■ BRIEF
Please retype all of the following entries exactly.

■ ENTRIES SHOWN

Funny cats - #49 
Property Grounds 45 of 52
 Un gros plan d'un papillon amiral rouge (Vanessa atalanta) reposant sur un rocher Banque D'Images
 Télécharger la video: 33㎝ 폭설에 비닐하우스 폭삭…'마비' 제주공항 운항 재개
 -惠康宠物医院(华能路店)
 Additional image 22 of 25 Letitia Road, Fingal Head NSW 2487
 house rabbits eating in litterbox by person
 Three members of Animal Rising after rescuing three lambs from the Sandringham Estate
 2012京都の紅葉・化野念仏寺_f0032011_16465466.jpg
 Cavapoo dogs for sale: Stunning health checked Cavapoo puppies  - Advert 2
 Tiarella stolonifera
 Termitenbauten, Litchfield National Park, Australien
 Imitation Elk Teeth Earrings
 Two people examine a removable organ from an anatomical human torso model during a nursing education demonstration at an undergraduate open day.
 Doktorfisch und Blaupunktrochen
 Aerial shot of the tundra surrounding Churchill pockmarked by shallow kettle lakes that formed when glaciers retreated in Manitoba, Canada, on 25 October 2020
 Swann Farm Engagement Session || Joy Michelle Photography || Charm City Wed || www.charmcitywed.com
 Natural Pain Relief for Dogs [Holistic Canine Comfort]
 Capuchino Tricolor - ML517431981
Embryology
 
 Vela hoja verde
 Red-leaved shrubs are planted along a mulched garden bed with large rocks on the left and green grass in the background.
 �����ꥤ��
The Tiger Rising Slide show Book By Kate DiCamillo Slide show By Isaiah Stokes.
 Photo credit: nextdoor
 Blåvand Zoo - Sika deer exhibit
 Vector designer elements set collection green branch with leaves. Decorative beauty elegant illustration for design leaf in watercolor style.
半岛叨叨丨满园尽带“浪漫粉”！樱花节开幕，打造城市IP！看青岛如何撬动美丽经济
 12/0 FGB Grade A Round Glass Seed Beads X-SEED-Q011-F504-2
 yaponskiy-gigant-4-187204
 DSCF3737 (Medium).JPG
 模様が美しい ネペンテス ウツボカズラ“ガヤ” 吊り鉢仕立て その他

■ EXPECTED OUTPUT
Funny cats - #49 
Property Grounds 45 of 52
 Un gros plan d'un papillon amiral rouge (Vanessa atalanta) reposant sur un rocher Banque D'Images
 Télécharger la video: 33㎝ 폭설에 비닐하우스 폭삭…'마비' 제주공항 운항 재개
 -惠康宠物医院(华能路店)
 Additional image 22 of 25 Letitia Road, Fingal Head NSW 2487
 house rabbits eating in litterbox by person
 Three members of Animal Rising after rescuing three lambs from the Sandringham Estate
 2012京都の紅葉・化野念仏寺_f0032011_16465466.jpg
 Cavapoo dogs for sale: Stunning health checked Cavapoo puppies  - Advert 2
 Tiarella stolonifera
 Termitenbauten, Litchfield National Park, Australien
 Imitation Elk Teeth Earrings
 Two people examine a removable organ from an anatomical human torso model during a nursing education demonstration at an undergraduate open day.
 Doktorfisch und Blaupunktrochen
 Aerial shot of the tundra surrounding Churchill pockmarked by shallow kettle lakes that formed when glaciers retreated in Manitoba, Canada, on 25 October 2020
 Swann Farm Engagement Session || Joy Michelle Photography || Charm City Wed || www.charmcitywed.com
 Natural Pain Relief for Dogs [Holistic Canine Comfort]
 Capuchino Tricolor - ML517431981
Embryology
 
 Vela hoja verde
 Red-leaved shrubs are planted along a mulched garden bed with large rocks on the left and green grass in the background.
 �����ꥤ��
The Tiger Rising Slide show Book By Kate DiCamillo Slide show By Isaiah Stokes.
 Photo credit: nextdoor
 Blåvand Zoo - Sika deer exhibit
 Vector designer elements set collection green branch with leaves. Decorative beauty elegant illustration for design leaf in watercolor style.
半岛叨叨丨满园尽带“浪漫粉”！樱花节开幕，打造城市IP！看青岛如何撬动美丽经济
 12/0 FGB Grade A Round Glass Seed Beads X-SEED-Q011-F504-2
 yaponskiy-gigant-4-187204
 DSCF3737 (Medium).JPG
 模様が美しい ネペンテス ウツボカズラ“ガヤ” 吊り鉢仕立て その他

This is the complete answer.